The Congressional Budget Office (CBO) estimates that implementing H.R. 4228 would cost $1 million in 2015 and less than $500,000 in each year thereafter, subject to the availability of appropriated funds. Enacting the legislation would not affect direct spending or revenues; therefore, pay-as-you-go procedures do not apply.
H.R. 4228 would direct the United States Department of Homeland Security (DHS) to improve the accountability, transparency, and efficiency of its major acquisition programs. The bill would specify procedures for the department to follow if it fails to meet timelines, cost estimates, or other performance parameters for these programs. In addition, H.R. 4228 would require DHS to prepare a comprehensive report each year on the status of its acquisition program and would direct the Government Accountability Office (GAO) and the DHS Inspector General to review and report on certain issues related to departmental acquisition policies.
Based on the cost of similar activities, CBO estimates that the new DHS administrative procedures as well as additional reviews and reports by GAO and DHS required by H.R. 4228 would cost $1 million in 2015 and less than $500,000 annually thereafter, assuming availability of appropriated funds. CBO expects that DHS will continue to seek to improve its efficiency in acquiring goods and services under current law; we have no basis for estimating any savings in procurement costs that might occur as a result of the bill’s directives to the department.

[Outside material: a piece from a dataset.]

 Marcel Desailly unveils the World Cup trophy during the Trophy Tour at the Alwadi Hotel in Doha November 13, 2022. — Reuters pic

H.R. 4228 contains no intergovernmental or private-sector mandates as defined in the Unfunded Mandates Reform Act and would impose no costs on state, local, or tribal governments.

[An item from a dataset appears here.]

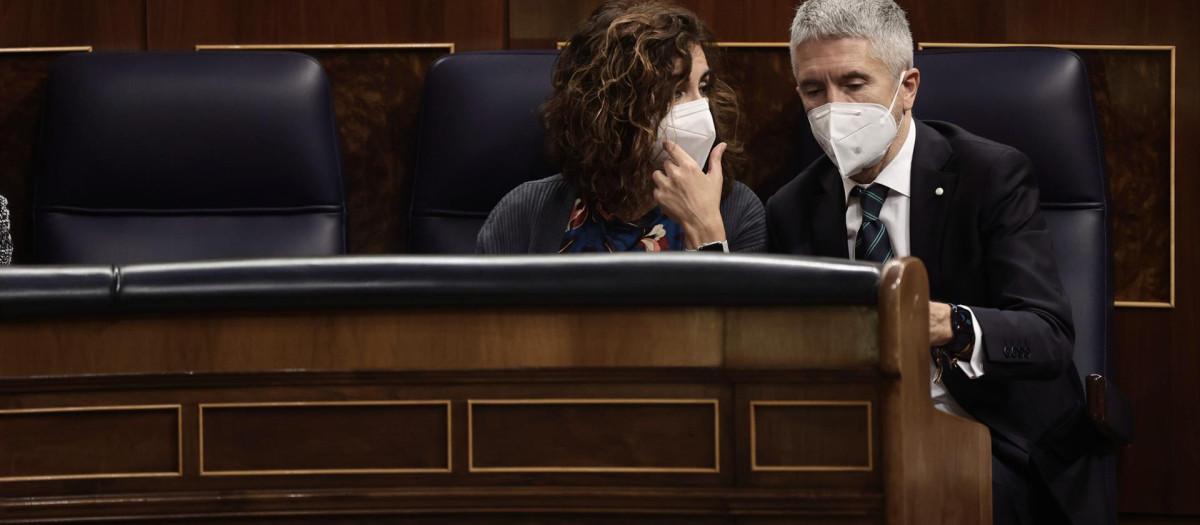La ministra de Hacienda, María Jesús Montero, y el ministro del Interior, Fernando Grande-Marlaska, conversan en la sesión plenaria en el Congreso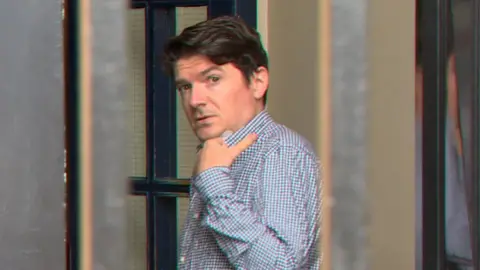 BBC Picture of Michael McMonagle about to leave court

The DHS Acquisition Accountability and Efficiency Act was introduced into the United States House of Representatives on March 13, 2014 by Rep. Jeff Duncan (R, SC-3). It was referred to the United States House Committee on Homeland Security and the United States House Homeland Security Subcommittee on Oversight and Management Efficiency. It was reported (amended) on May 6, 2014 alongside House Report 113-436. The House voted on June 9, 2014 to pass the bill in a voice vote.
In addition to Rep. Duncan, the bill was initially co-sponsored by Reps. Michael McCaul (R-TX), Ron Barber (R-AZ), and Steve Daines (R-MO). Rep. Duncan argued that "for years, DHS's purchases of major homeland security systems have been late, cost more, and done less than promised. This bill will save taxpayer dollars by forcing DHS to improve its management."
A discussion draft of the bill received mixed reviews from industry insiders. On anonymous insider said that "much of the legislation either duplicates or reorganizing existing management processes that are already in statute" and that "it is time to start to focus on streamlining processes, not creating new, potentially duplicative ones." A different anonymous industry official had fewer objections to the draft bill, but pointed out that "there are risks of becoming so over-focused on process that you lose sight of the mission and outcome imperatives... process does not create excellence."